Wrote a little add() function to clean up the duplication of
add_document().
Delete the index directory if it exists and we're being forced to
recreate it.
English fuzzy matches are preferred, followed by Roomaji and then
everything else.
The return tuple from lookup() now has a `name` parameter for the actual
name that was matched.
The setup command loads the default data into a default location, then
creates a whoosh index in a default location.
get_index is now open_index and can be made to explicitly recreate the
index. It also actually opens the index if it already existed, even
across processes, now that FileStorage is working.
The lookup command takes no switches for aiming at a different database;
it only uses the default data stores.
csvimport is now load; csvexport is now dump.
Both take an optional -e switch to specify an engine, but will happily
use a default SQLite database in the pokedex package directory.

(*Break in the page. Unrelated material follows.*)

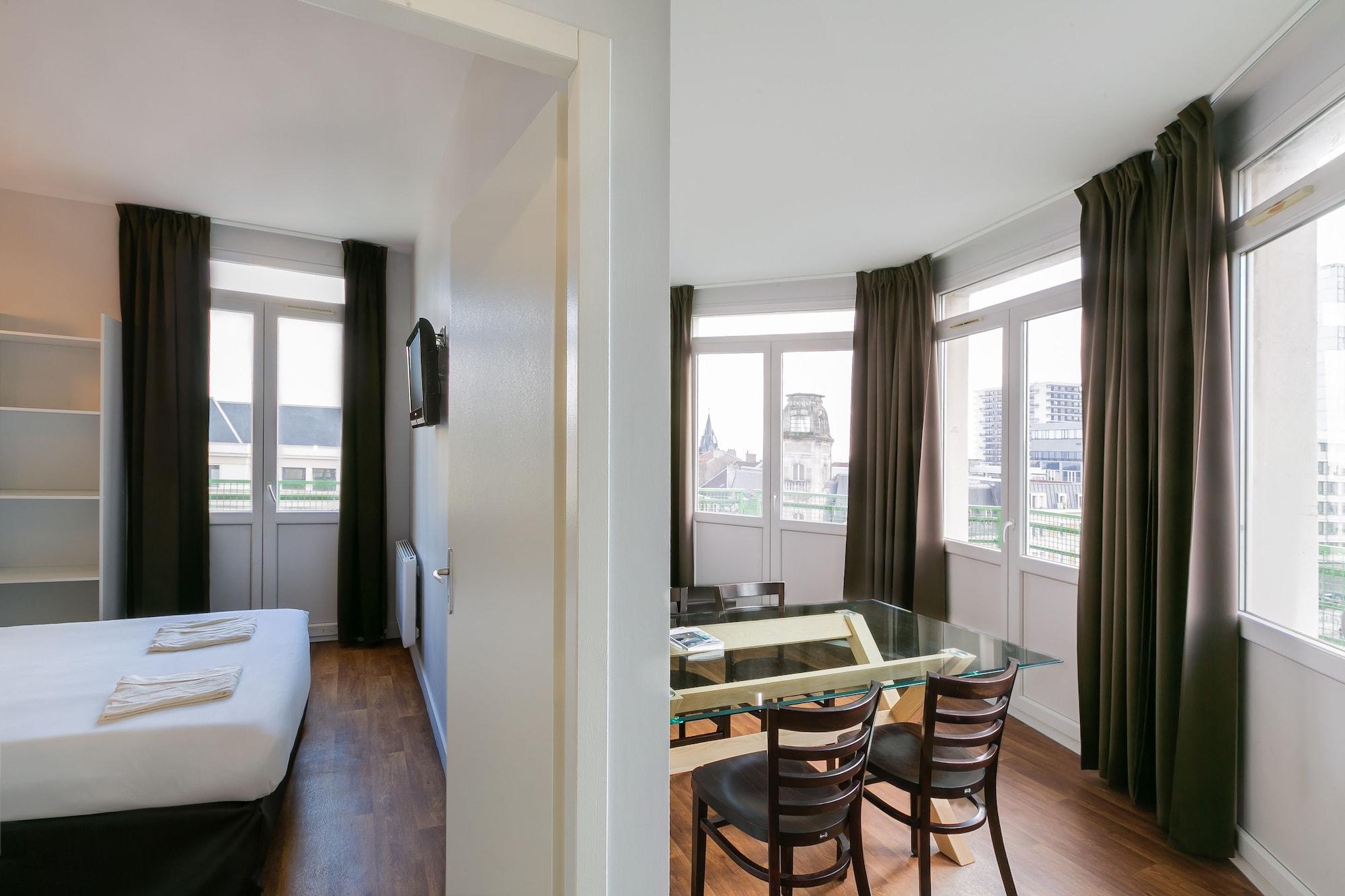 Hotel Foch Nancy Gare Bagian luar foto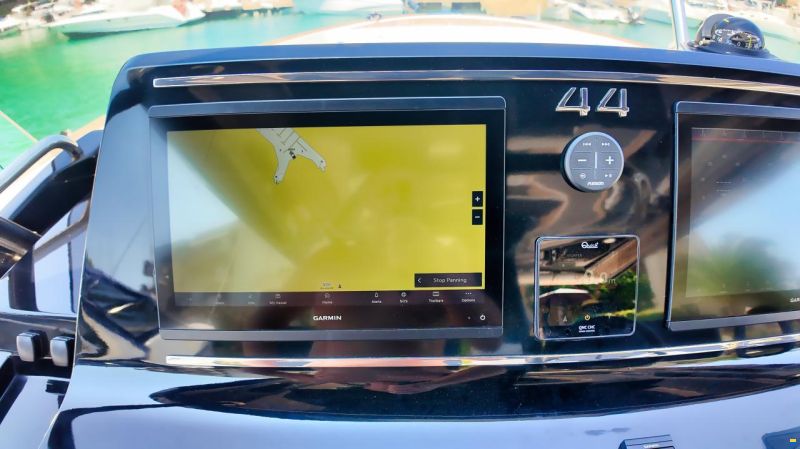 Solaris Power 44 Open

Additionally, the CSV directory is now controlled by the optional -d
switch, and defaults to Doing The Right Thing.
So `pokedex load` now does exactly what you'd expect: loads the data
from the right files into a consistently-located database.
Good news: This no longer relies on InnoDB's default row order.
Bad news: InnoDB in MySQL 5.0 has a bug where it will sort rows
physically according to a secondary index, if there's a composite
primary key and a single-column index and the phase of the moon is
right. So a couple tables have been, once again, reordered -- but
correctly this time.
Good news: This bug will no longer fuck me up!
Whoosh's spelling module unfortunately ignores any "words" that don't
look like words, even though the algorithm words fine with arbitrary
input.
I had to clone some code from whoosh.spelling, but avoiding the
isalpha() check solved a bunch of problems. Now the index happily
compares against anything I feed into it.